King of Sannan
- Reign: ?–1403 (traditional dates)
- Successor: Ōōso
- Died: 1403 (traditional date)

= Shōsatto =

Shōsatto (承察度), read variously as Ōzato, Ofosato, and Ufusatu, was a local ruler of Okinawa Island who was given the title of King of Sannan. Contemporary sources on Shōsatto are very scarce. Following a visit of a Chinese envoy to Okinawa Island, he first sent a tributary mission in 1380. His last contact was in 1396. His "reign" deviated too much from the ideological ideal. Only the "king" should have a tributary relationship with the Chinese emperor, but the "King's father's younger brother" (王叔) Ōeishi also sent envoys from 1388 to 1397. In 1403, Ōōso, who claimed to be Shōsatto's younger brother or cousin, reported Shōsatto's death in 1403 and was recognized as King of Sannan the next year.

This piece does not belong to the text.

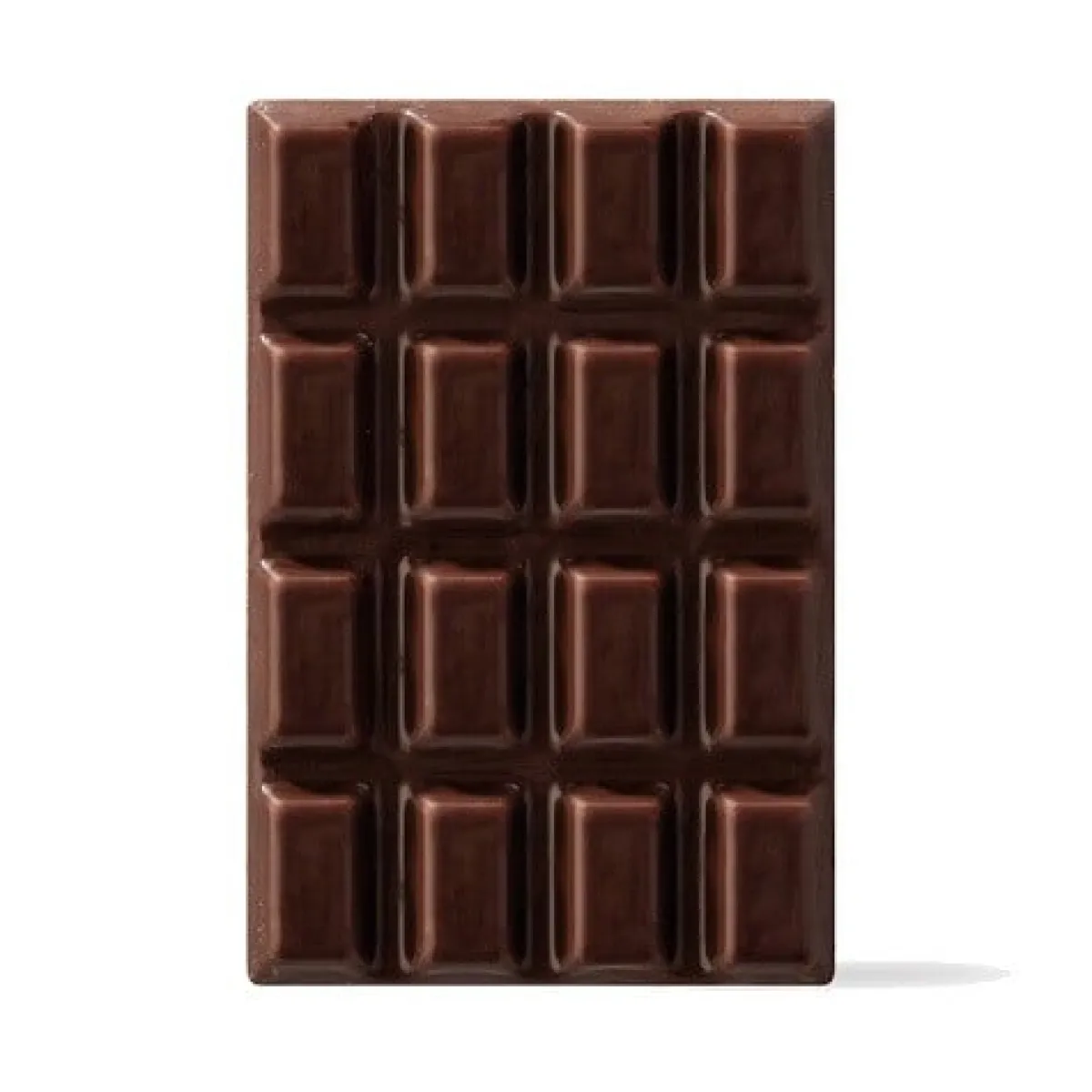 Discount Dobla Chocoladetabletten Assortiment (230 stuks)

His real name is unknown. Modern attempts to decipher the enigmatic un-Okinawan name Shōsatto point to Ōzato (大里), a toponym with multiple referents. There were two candidates in southern Okinawa: Shimasoe-Ōzato in modern-day Nanjō City and Shimajiri-Ōzato in modern-day Itoman City.

The Annals of the Joseon Dynasty of Korea record mysterious events about the King of Sannan. In 1394, Satto, King of Chūzan, requested Korea to return Shōsatto, Prince of Sannan (山南王子承察度), who had supposedly fled to Korea. In 1398, Onsadō, King of Sannan (山南王温沙道), fled to Korea after reportedly being banished by the King of Chūzan. He died there in the same year. These records contradict the Veritable Records, raising questions about the reliability of Okinawa's diplomatic correspondence with foreign countries.

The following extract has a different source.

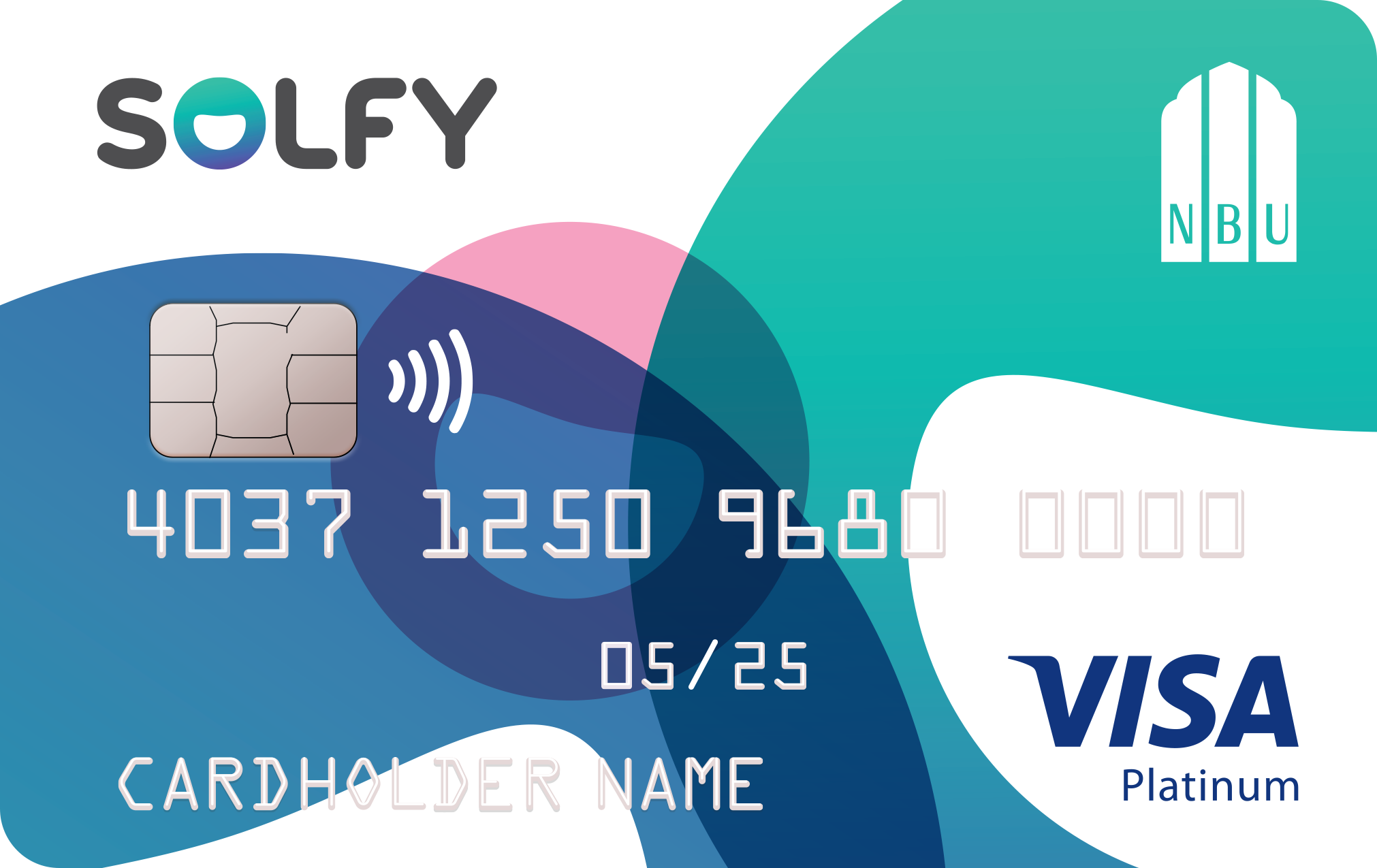 Solfy. Логотип solfi. Solfy. Карта рассрочки solfy. Solfy.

Historian Ikuta Shigeru speculates that the King of Sannan was a puppet of the King of Chūzan from the very beginning. He re-interpretes the phrase "Prince of Sannan" (山南王子) as a title given by the King of Chūzan to his senior retainer, possibly his blood relative. Historian Wada Hisanori criticized Ikuta's hypothesis, arguing that the King of Chūzan's subjugation of the King of Sannan began later, during the reign of King Ōōso.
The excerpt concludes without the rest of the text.